“Silent” Genetic Changes May Impact Human Health
New analyses of tens of thousands of people show that genetic changes previously believed meaningless, or “silent,” may in fact play an important but overlooked role in human diseases, including breast cancer.
These silent genetic changes were first discovered when researchers in the 1960s cracked the DNA code. DNA gives cells instructions for making proteins in strings of 3-letter segments, called codons; each 3-letter codon corresponds to a particular amino acid in the protein.
But with 64 possible codons and only 20 amino acids, most amino acids are encoded by several different codons. That redundancy means some DNA mutations will not change the amino acid sequence of the protein.
Geneticists have generally ignored these synonymous DNA mutations. Yet recent studies have shown that synonymous mutations can influence the amount of protein that is produced; so-called “optimal” codons are faster for cells to process and lead to increased protein production.
Testing the idea that synonymous mutations are not meaningless requires massive amounts of genetic data, which has only recently become available as more people have their genomes sequenced.
Synonymous mutations under selective pressure
In the new study, Ryan Dhindsa, PhD, and David Goldstein, PhD, at Columbia University’s Institute for Genomic Medicine and colleagues tapped into databases containing nearly 200,000 human genomes and found the first clear evidence that natural selection favors synonymous mutations that improve optimality.

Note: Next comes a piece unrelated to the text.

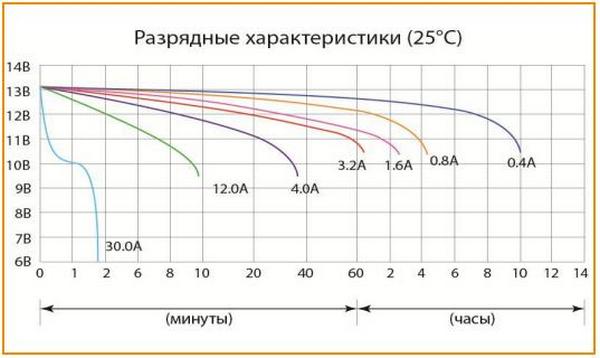 Разрядные характеристики аккумулятора Delta CT 1204 при 25 °С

“We found that synonymous mutations that reduce codon optimality appear far less frequently in the population than synonymous mutations that increase optimality,” Dhindsa says. “That shows synonymous mutations are under selective pressure, and we already know that regions of the genome under selective pressure are generally important for human health.”
Silent mutations in BRCA1
A closer gene-by-gene analysis confirmed that genes that are more intolerant to changes in synonymous codons include those associated with cancer, as well as those that cause disease when their expression levels change.
In BRCA1, for example, a gene well-known for causing breast and ovarian cancer, the study found that mutations that reduce codon optimality may impact the levels of the encoded protein and possibly play an important role in the disease.
For other researchers who wish to examine the role of silent codons in other genes, Dhindsa created intolerance scores that assess the importance of synonymous codons in each gene.
“These scores will help us locate other potential genes in which synonymous variants that change codon optimality may also cause disease,” Dhindsa says.
"Natural Selection Shapes Codon Usage in the Human Genome," was published in the June issue of the American Journal of Human Genetics.
Ryan Dhindsa, PhD, is an MD/PhD student at Columbia University Vagelos College of Physicians and Surgeons.
David Goldstein, PhD, is director of the Institute for Genomic Medicine at Columbia University, John E. Borne Professor of Medical and Surgical Research in the Department of Genetics & Development, and professor of medical sciences in the Department of Medicine at Columbia University Vagelos College of Physicians and Surgeons.
Additional authors: Brett R.Copeland (Columbia University Irving Medical Center) and Anthony M.Mustoe (Baylor College of Medicine, Houston, Texas).
D.B.G. is a founder of and holds equity in Praxis, holds equity in Q-State Biosciences, serves as a consultant to AstraZeneca, and has received research support from Janssen, Gilead, Biogen, AstraZeneca, and Union Chimique Belge. R.S.D. serves as a consultant to AstraZeneca. A.M.M. serves as a consultant to Ribometrix.